NVIDIA has never done well at LuxMark, and GTX 780 won’t change that. It’s greatly faster than GTX 680 and that’s about it. Kepler parts, including GK110, continue to have trouble with our OpenCL benchmarks, as evidenced by the fact that GTX 780 doesn’t beat GTX 580 by nearly as much as the generational improvements should lead to. GK110 is a strong compute GPU, but not in ways that LuxMark is going to benefit.

Our 3rd benchmark set comes from CLBenchmark 1.1. CLBenchmark contains a number of subtests; we’re focusing on the most practical of them, the computer vision test and the fluid simulation test.
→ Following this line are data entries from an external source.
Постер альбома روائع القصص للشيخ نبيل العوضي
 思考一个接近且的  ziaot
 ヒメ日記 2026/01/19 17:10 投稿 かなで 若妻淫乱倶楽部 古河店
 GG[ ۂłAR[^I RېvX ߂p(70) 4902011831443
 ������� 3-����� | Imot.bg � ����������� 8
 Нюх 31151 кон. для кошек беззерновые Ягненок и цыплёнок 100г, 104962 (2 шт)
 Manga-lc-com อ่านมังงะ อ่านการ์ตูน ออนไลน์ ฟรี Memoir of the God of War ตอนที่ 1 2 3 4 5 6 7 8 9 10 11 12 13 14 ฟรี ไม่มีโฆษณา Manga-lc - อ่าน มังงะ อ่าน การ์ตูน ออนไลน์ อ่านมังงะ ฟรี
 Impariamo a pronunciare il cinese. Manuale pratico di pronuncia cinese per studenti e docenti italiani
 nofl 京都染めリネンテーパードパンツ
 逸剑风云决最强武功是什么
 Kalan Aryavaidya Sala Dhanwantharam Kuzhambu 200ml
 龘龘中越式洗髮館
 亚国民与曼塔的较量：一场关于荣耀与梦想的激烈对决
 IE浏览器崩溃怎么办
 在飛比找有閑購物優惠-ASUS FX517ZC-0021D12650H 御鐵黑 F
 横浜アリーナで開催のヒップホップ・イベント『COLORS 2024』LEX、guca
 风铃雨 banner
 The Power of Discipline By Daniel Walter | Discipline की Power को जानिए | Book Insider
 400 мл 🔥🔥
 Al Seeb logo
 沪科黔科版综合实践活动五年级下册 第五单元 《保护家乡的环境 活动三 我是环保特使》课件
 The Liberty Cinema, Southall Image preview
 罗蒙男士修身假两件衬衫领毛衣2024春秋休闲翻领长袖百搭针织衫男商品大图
The former being a useful proxy for computer imaging tasks where systems are required to parse images and identify features (e.g. humans), while fluid simulations are common in professional graphics work and games alike.

GTX 780 still struggles some at compute with CLBenchmark, but less so than with LuxMark. 7970GE is the clear winner here in both tests, while GTX 780 stays remarkably close to GTX Titan in performance. The fluid simulation in particular makes GTX 780 look good on a generational basis, more than doubling GTX 580’s performance.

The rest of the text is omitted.